# Electric field of an infinitely large positively charged plane sheet

1. Aug 4, 2010

### Ashu2912

On drawing electric field vectors around an infinitely large positively charged plane sheet, we find that the length of the vectors (which represent the magnitude of the field at that point) on both sides of the sheet decreases with distance, and is directed away from both sides of the sheet.

We know that on joining these vectors to get electric field lines, the magnitude of the field at a point is now indicated by the number of electric field lines per unit area passing through the area element at the point perpendicular to the plane of paper on which the lines are drawn.
However, we see that the number of electric field lines per unit area passing through the perpendicular plane is the same at a point near the sheet as well as a point far away from the sheet. Clearly, this indicates that the magnitude of the electric field at the points near and far from the sheet is the same.

However, this is contrary to the observations stated in the first paragraph. Can anyone explain this, please???

2. Aug 4, 2010

### Staff: Mentor

Sure. Your first paragraph is wrong. The field from an infinite sheet of charge does not decrease with distance.

3. Aug 4, 2010

### Ashu2912

but y? i think the length of the vectors will decrease?

4. Aug 4, 2010

### Staff: Mentor

On what basis do you think that?

You can derive the field either using Gauss's law (the easy way) or by direct integration. You'll find that the field is independent of distance.

5. Aug 5, 2010

### Ashu2912

Consider two points A near the sheet on a field line and B far from the sheet on the same field line.
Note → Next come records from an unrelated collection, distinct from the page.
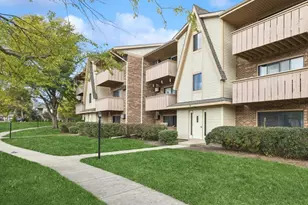 11 Echo Ct, Vernon Hills, IL 60061 - Photo 1
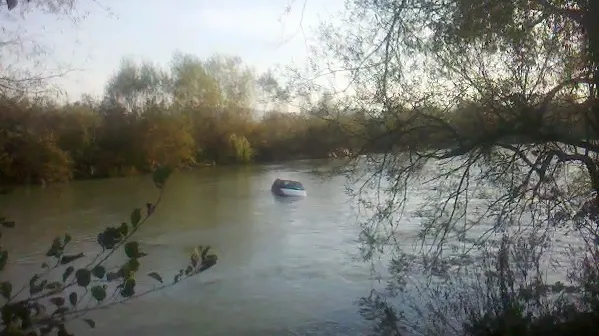 Accident grav: a pierdut controlul volanului din pricina poleiului şi a plonjat într-un râu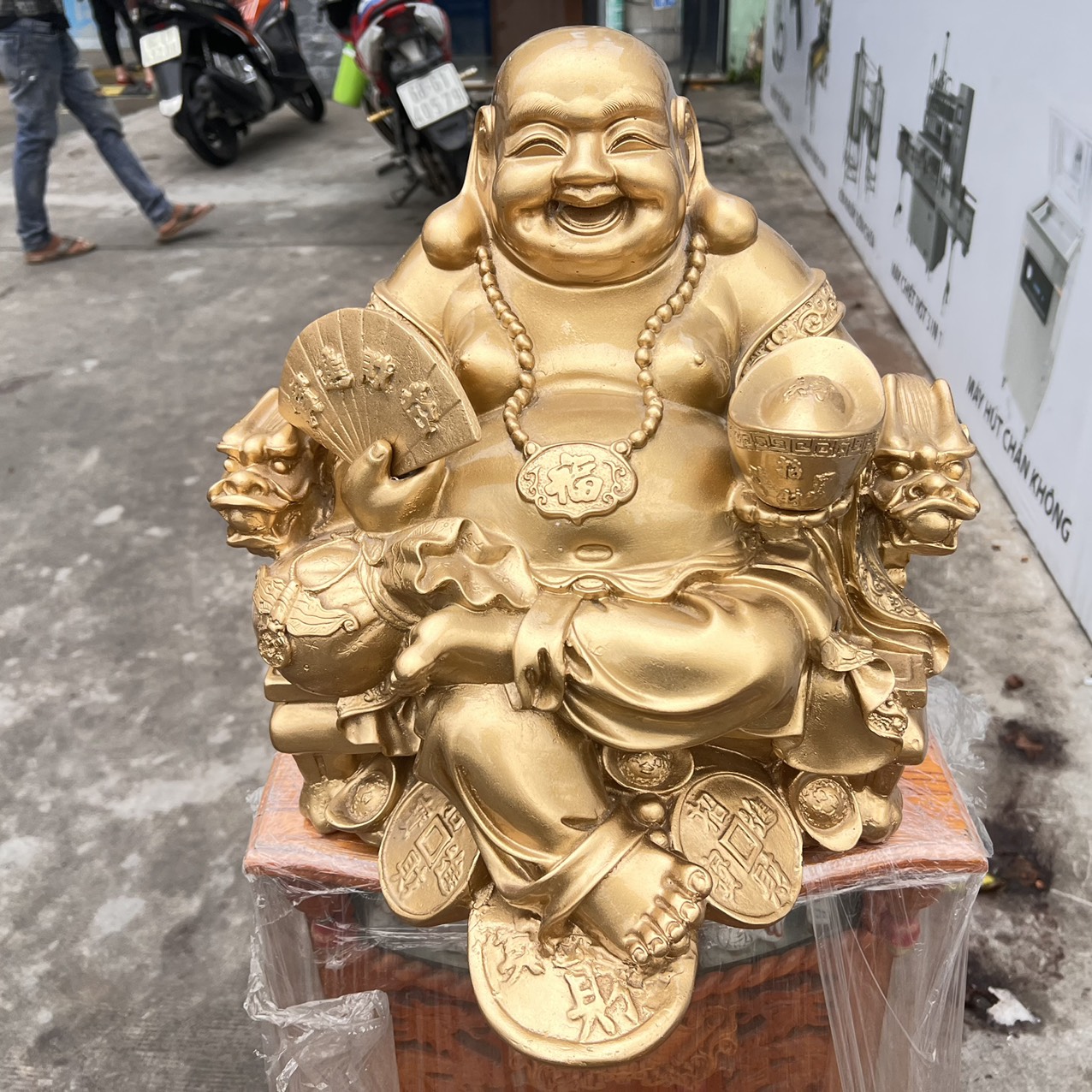 Tượng Di Lặc bột đá màu vàng đồng tay cầm quạt và thỏi vàng cao 37cm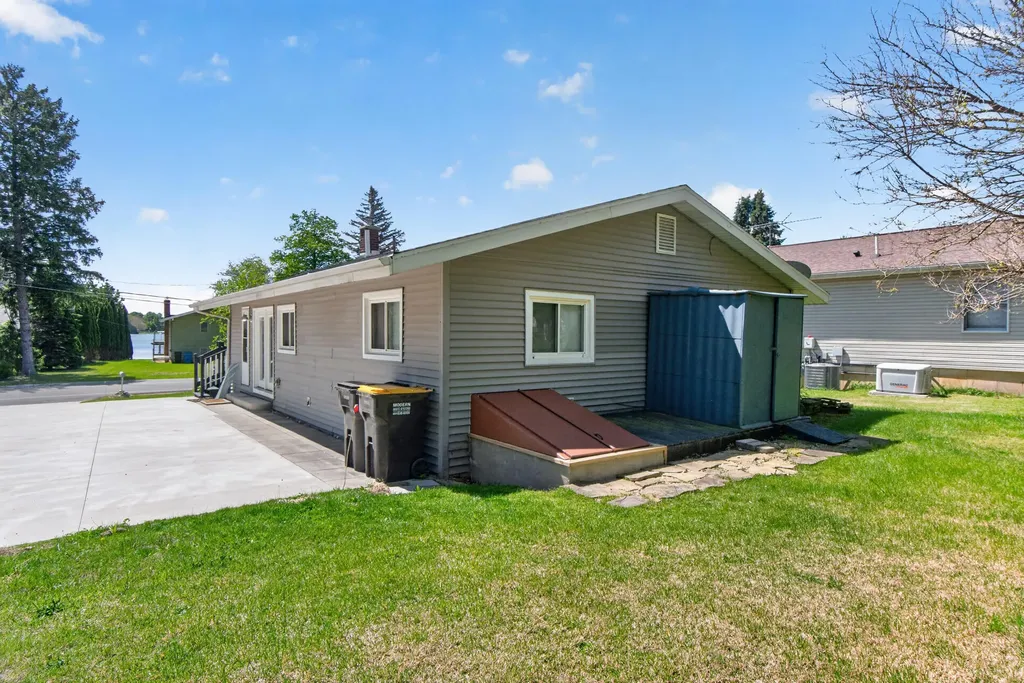 10674 Wesch Road Columbia Township MI 49230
Clearly, by geometry, the distance of unit positive charge placed at A from all the elements and points on the sheet is smaller than when placed at B. Thus, by the Coulumb's Law, the forces due to various elements of the sheet on the unit positive charge at A is greater than the corresponding forces on the charge, when placed at B. The cosine components of the various forces will add up and the resultant force on the charge at A will be greater than the resultant force on the charge at B. This has led me to the conclusion that the field at A will be greater than that at B. The generalization based on this statement leads me to conclude that the field will decrease with distance.

I know that this is contrary to the observations of the Gauss Law, but that is why the question has risen in my mind. Please help me!!!!!!!

6. Aug 5, 2010

### Staff: Mentor

OK.

OK. The force from any particular charge element in the plane on A is greater than on B. (But the angle that the force acts changes.)

This is where you are wrong. You have to actually do the calculation and see how they add up. While the force on B (from any particular charge element) is less, the angle changes, which changes the vertical component.

You'll need to set up the integral and actually do the calculation to see that no matter where you are above the plane, the total field is the same. (Treat the plane as a set of concentric rings of charge.)